● Task prompt
Skip the pictures. Output only the lines below starting at the line with "Fish farming is" and ending at the line with "Hello, welcome back.", both ends included, exactly as they are.
Provided material Block Start
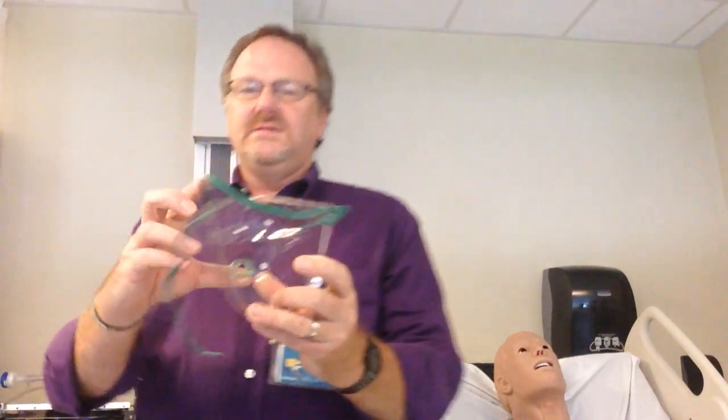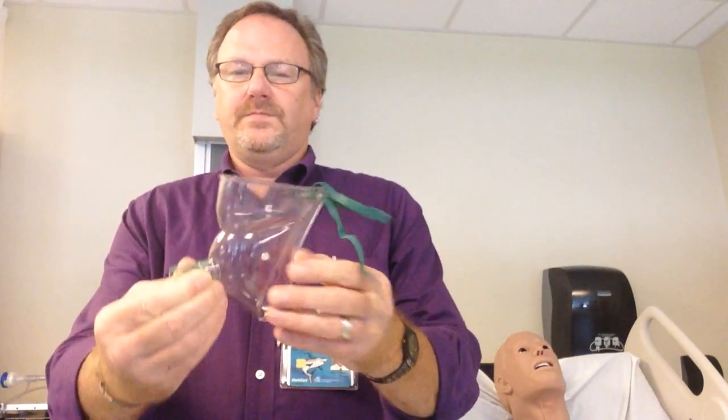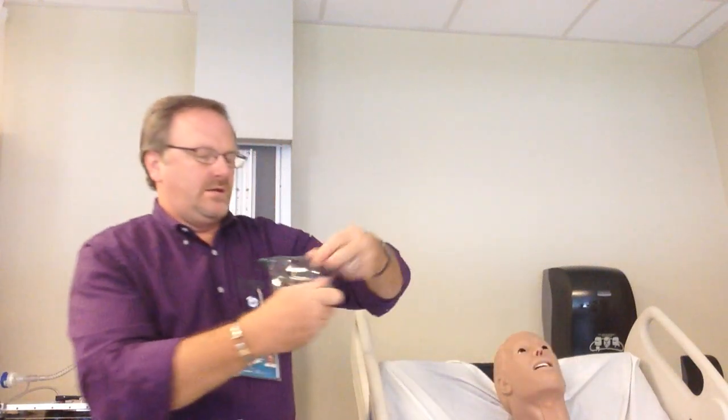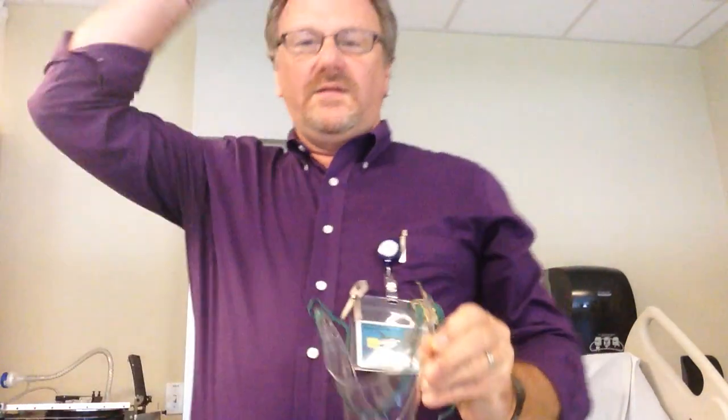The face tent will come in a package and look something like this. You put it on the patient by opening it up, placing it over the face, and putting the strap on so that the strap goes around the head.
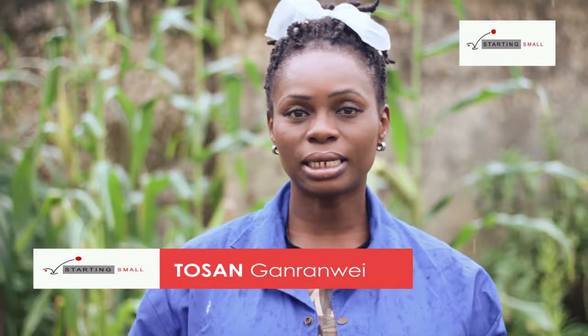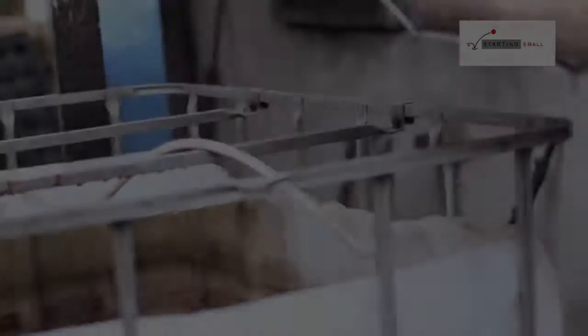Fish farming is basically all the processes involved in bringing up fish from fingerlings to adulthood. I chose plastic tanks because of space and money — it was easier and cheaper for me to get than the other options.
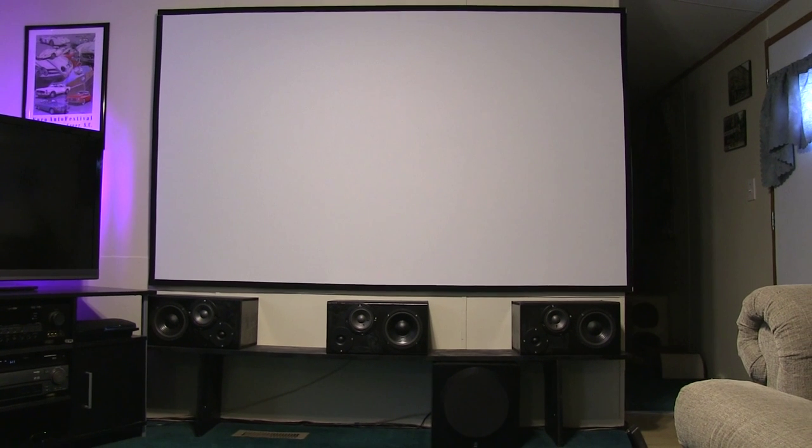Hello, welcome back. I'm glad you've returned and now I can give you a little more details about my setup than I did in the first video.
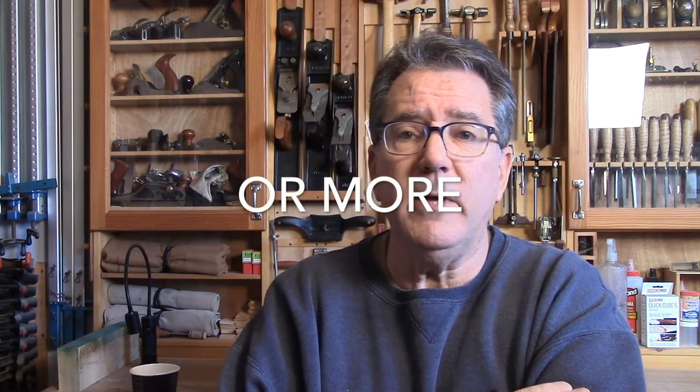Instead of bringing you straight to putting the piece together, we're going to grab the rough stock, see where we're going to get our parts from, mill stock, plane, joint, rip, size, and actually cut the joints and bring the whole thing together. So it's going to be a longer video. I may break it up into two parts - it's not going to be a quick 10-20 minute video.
Provided material Block End
● Answer box
Fish farming is basically all the processes involved in bringing up fish from fingerlings to adulthood. I chose plastic tanks because of space and money — it was easier and cheaper for me to get than the other options.
Hello, welcome back. I'm glad you've returned and now I can give you a little more details about my setup than I did in the first video.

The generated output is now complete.